# [Collected data]
/---
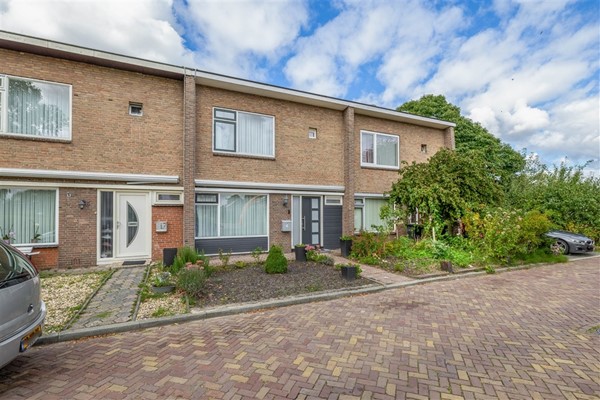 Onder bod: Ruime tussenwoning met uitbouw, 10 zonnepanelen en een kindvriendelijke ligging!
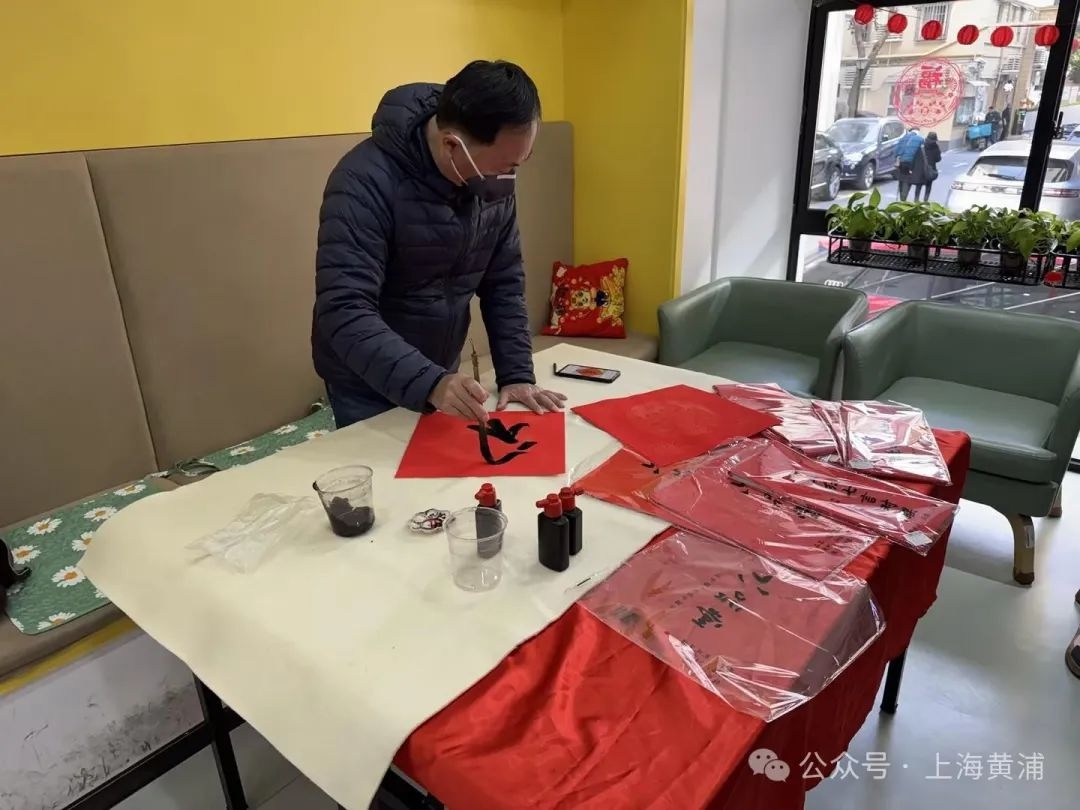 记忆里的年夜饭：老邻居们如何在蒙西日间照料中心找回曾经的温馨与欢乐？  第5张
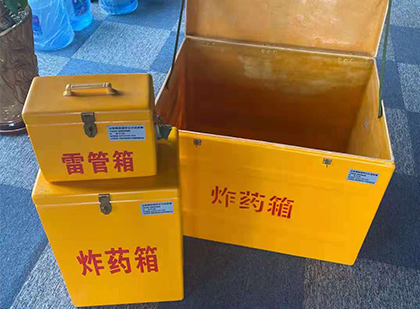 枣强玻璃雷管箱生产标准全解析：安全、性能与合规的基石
\---
# [What is required]
Without the pictures, output the full listing exactly as it stands.

# [Solved exercise]
 Onder bod: Ruime tussenwoning met uitbouw, 10 zonnepanelen en een kindvriendelijke ligging!
 记忆里的年夜饭：老邻居们如何在蒙西日间照料中心找回曾经的温馨与欢乐？  第5张
 枣强玻璃雷管箱生产标准全解析：安全、性能与合规的基石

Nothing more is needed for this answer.